Mike Freitag

Personal information
- Date of birth: May 7, 1958 (age 68)
- Place of birth: St. Louis, Missouri, U.S.
- Position: Defender

Youth career
- 1976–1979: Indiana Hoosiers

Senior career*
- Years: Team / Apps / (Gls)
- 1980: San Diego Sockers / 0 / (0)
- 1980–1982: Denver Avalanche (indoor) / 32 / (0)

Managerial career
- U.S. U-17 (assistant)
- 1993–2003: Indiana Hoosiers (assistant)
- 2004–2009: Indiana Hoosiers
- 2011: Denver Pioneers (assistant)

= Mike Freitag =

American soccer player and coach

Mike Freitag is an American retired soccer defender who played professionally in the Major Indoor Soccer League. He served six seasons as the head coach of the Indiana Hoosiers men's soccer team.

==Player==

===Youth===
Freitag graduated from Christian Brothers College High School in St. Louis, Missouri. He then attended Indiana University where he played on the men's soccer team from 1976 to 1979. He was a 1979 First Team All American. He graduated with bachelor's degree in physical education and earned a master's degree in sports administration from Indiana in 1986.

===Professional===
In 1980, Freitag signed with the San Diego Sockers of the North American Soccer League, but played no first team games. That fall, he moved to the Denver Avalanche of the Major Indoor Soccer League.

==Coach==
After retiring from professional soccer in 1982, Freitag remained in Colorado where he coached at the youth level. He was a member of the U.S. Soccer Federation Coaching Committee from 1990 to 1991. He also spent time as the head coach of both the Colorado State Olympic Development Program (1987) and the Region IV Olympic Development Program (1989–90) .
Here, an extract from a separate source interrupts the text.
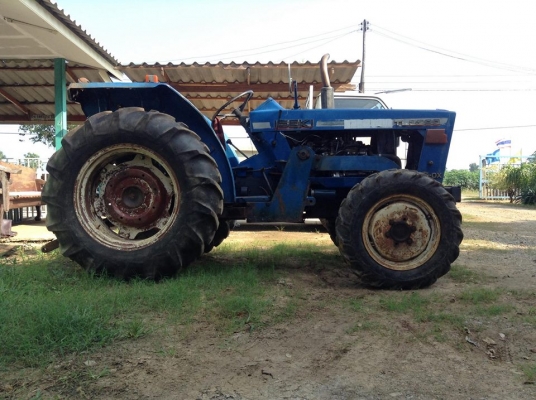 ขายครับ ISEKI TL3200 32แรงครับ ขับเคลื่อน 4ล้อครับ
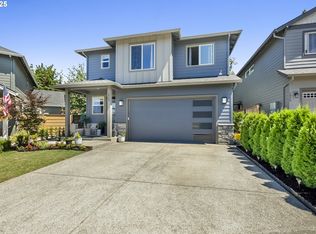 1066 NE Regan Hill Loop, Estacada, OR 97023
In 1993, Freitag returned to Indiana University to become an assistant coach with the men's soccer team. In 2004, he replaced Jerry Yeagley as head coach and promptly took the team to the 2004 Division I Men's College Cup championship. He was named the Big Ten Coach of the Year in 2006 and 2007. After the Hoosiers lost 10 games in 2009, the university announced on December 2, 2009, that they would not renew Freitag's contract. In his six seasons as head coach, Frietag compiled an 86–32–19 record. Freitag spent a total of 24 years at Indiana as a player, graduate assistant, assistant coach and head coach and was involved in five of Indiana's eight national championships.

In June 2011, Freitag was added to the University of Denver men's soccer staff as a volunteer assistant coach.